È notizia fresca quella della presentazione della candidatura della cucina italiana a patrimonio immateriale dell’umanità all’Unesco. Eppure la grande cucina del Belpaese è oggetto di polemiche in questi giorni. Polemiche scatenate dal quotidiano americano Financial Times che ha attaccato i fondamenti della nostra cucina. È stato proprio Alberto Grandi, storico dell’alimentazione e docente all’università di Parma a “smentire” le origini della cucina italiana con le sue dichiarazioni al noto quotidiano.

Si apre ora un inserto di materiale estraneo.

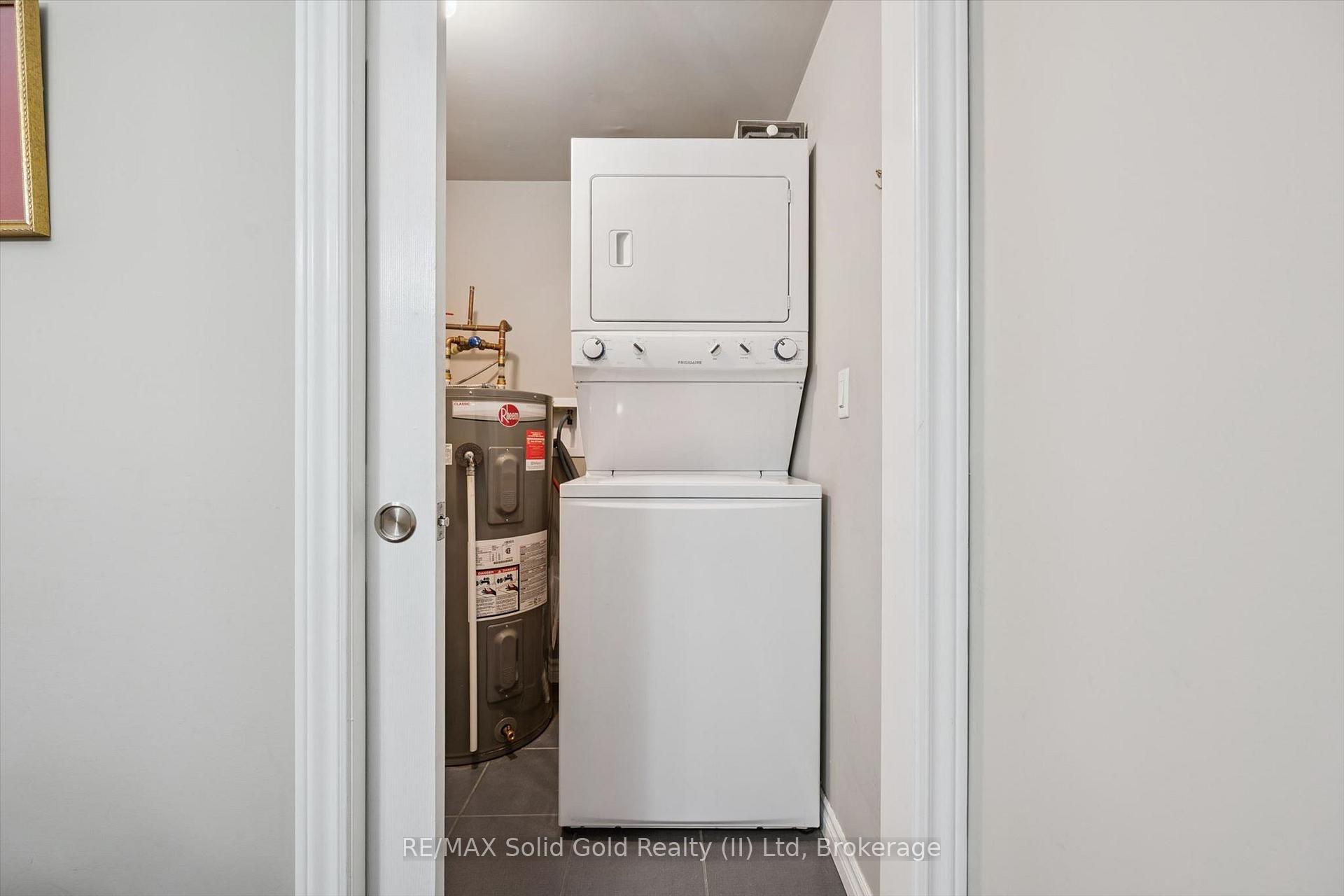 Photo 28 of Unit 111, 50 Bryan Court, Kitchener, Grand River South — HOMEH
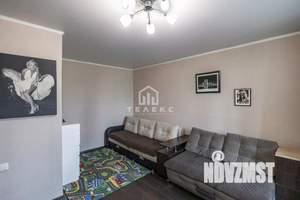 1-к квартира, вторичка, 32м2, 5/5 этаж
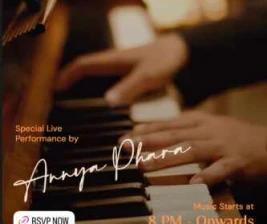 IZZY SOCIAL CLUB GUNAWARMAN JAKARTA  SINGLES INFERNO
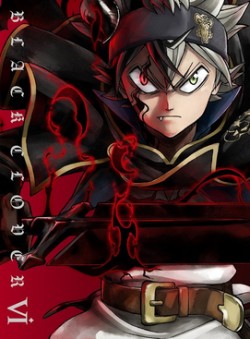 Black Clover: Thế giới phép thuật (Phần 2) - Black Clover (Season 2)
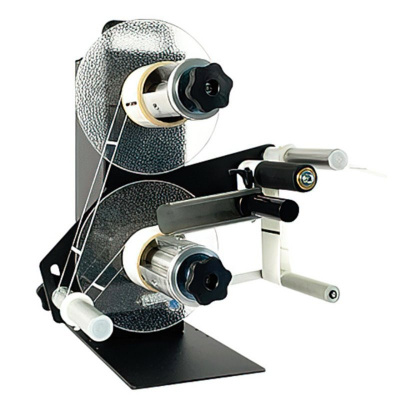 Labelmate LMR058, TWIN-MATRIX L/R, label rewinder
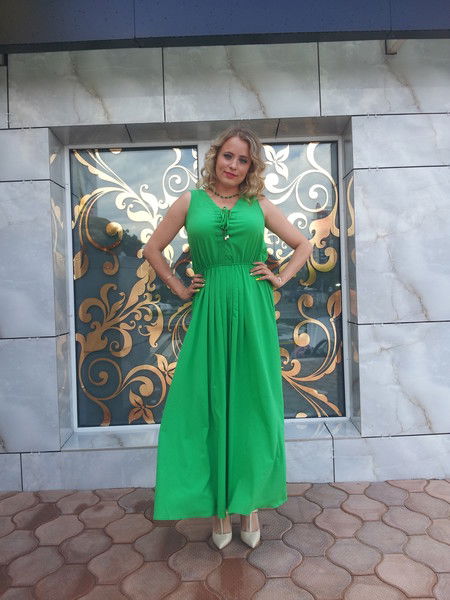 Виктория Стюф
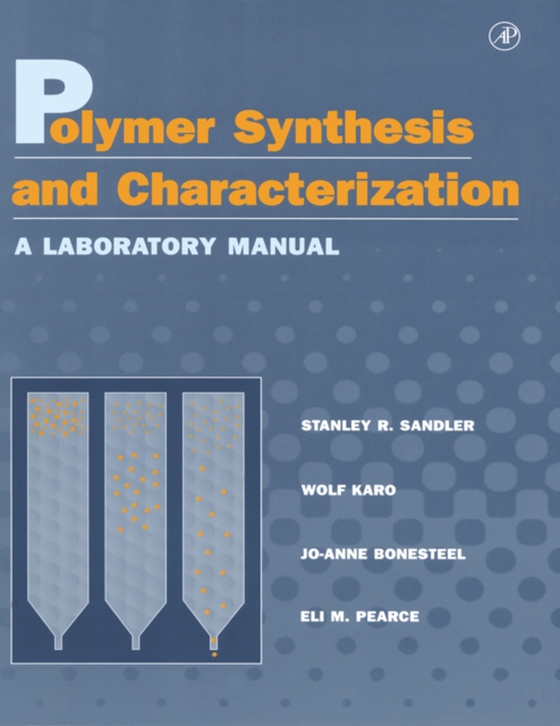 Polymer Synthesis and Characterization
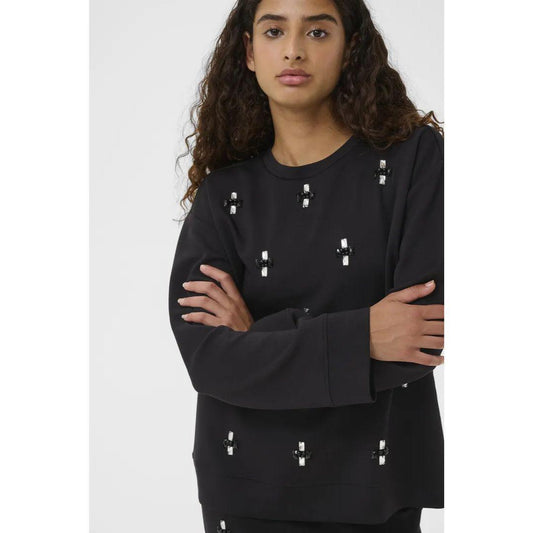 Kincent Deco Sweatshirt - 30112111 - Black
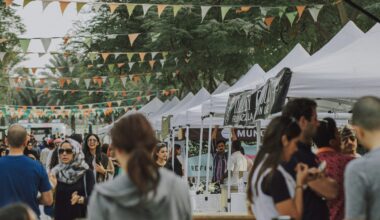 St. Pete native launches NewTree Social community events app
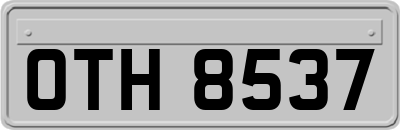 OTH8537
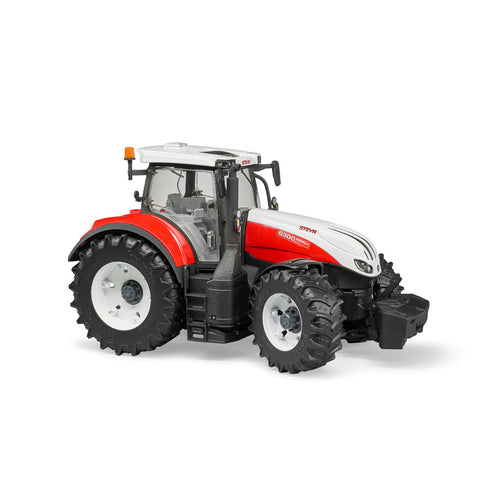 Bruder 3180 Tractor Steyr 6300 Terrus Cvt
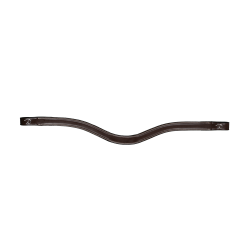 Frontalino a V in cuoio piatto US Collection by Dy'on Frontalino a V in cuoio piatto US Collection by Dy'on
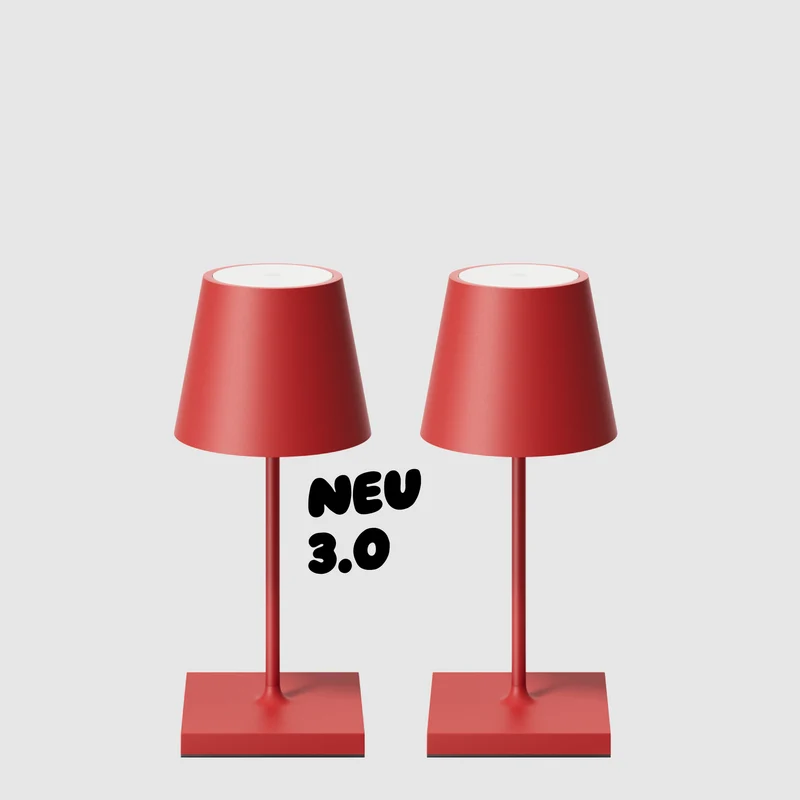 Sigor Nuindie 3.0 mini Akku-Tischleuchte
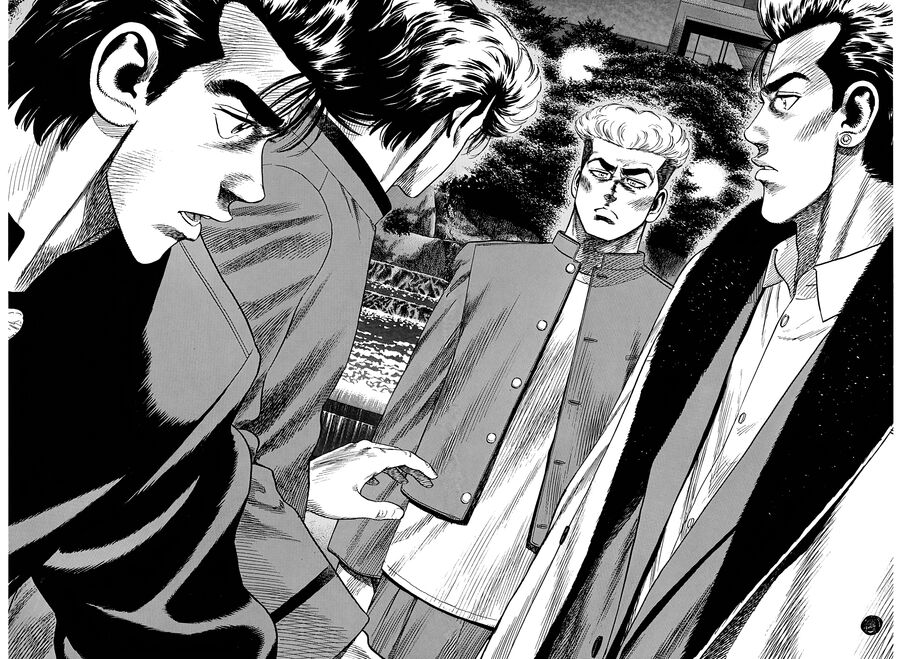 Bản Blues Vô Giá Trị Chapter 334 - 9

L’attacco di Alberto Grandi alla cucina italiana
“Un attacco surreale ai piatti simbolo della cucina italiana” è il commento che arriva da Coldiretti. Grandi infatti asserisce convintamente che il vero parmigiano si produca nel Wisconsin. Stando alla sua ricostruzione, le forme di parmigiano pesavano meno fino agli anni ’60 ed erano riposte in una crosta nera. Quello che conosciamo oggi, quindi, è un parmigiano “moderno”. Quello vero, secondo lo studioso, lo producono nel Wisconsin. Qui si è insediata una comunità di italiani di Parma agli inizi del XX secolo. E proprio nel Wisconsin hanno iniziato a portare avanti la tradizione a differenza dell’Italia dove la ricetta si è modernizzata.
Ma l’intervista ad Alberto Grandi non si è limitata solo a questo. Parlando del panettone, Grandi racconta che nel XX secolo si trattava di un pane piatto sottile e duro per i poveri e senza non aveva collegamenti con il Natale. È stato Angelo Motta, negli anni ’20, a introdurre un nuovo impasto e una nuova forma. A distanza di 50 anni, le pasticcerie lo hanno trasformato in un prodotto artigianale. E per rimanere in tema dolci parliamo del tiramisù. Secondo il docente, si tratterebbe di una invenzione degli anni ’80. Le prime tracce di questo dolce compaiono da quell’anno in poi, considerando anche che il mascarpone non si trovava fuori Milano prima di quell’annata.
Passino le polemiche sui dolci, ma su pizza e carbonara…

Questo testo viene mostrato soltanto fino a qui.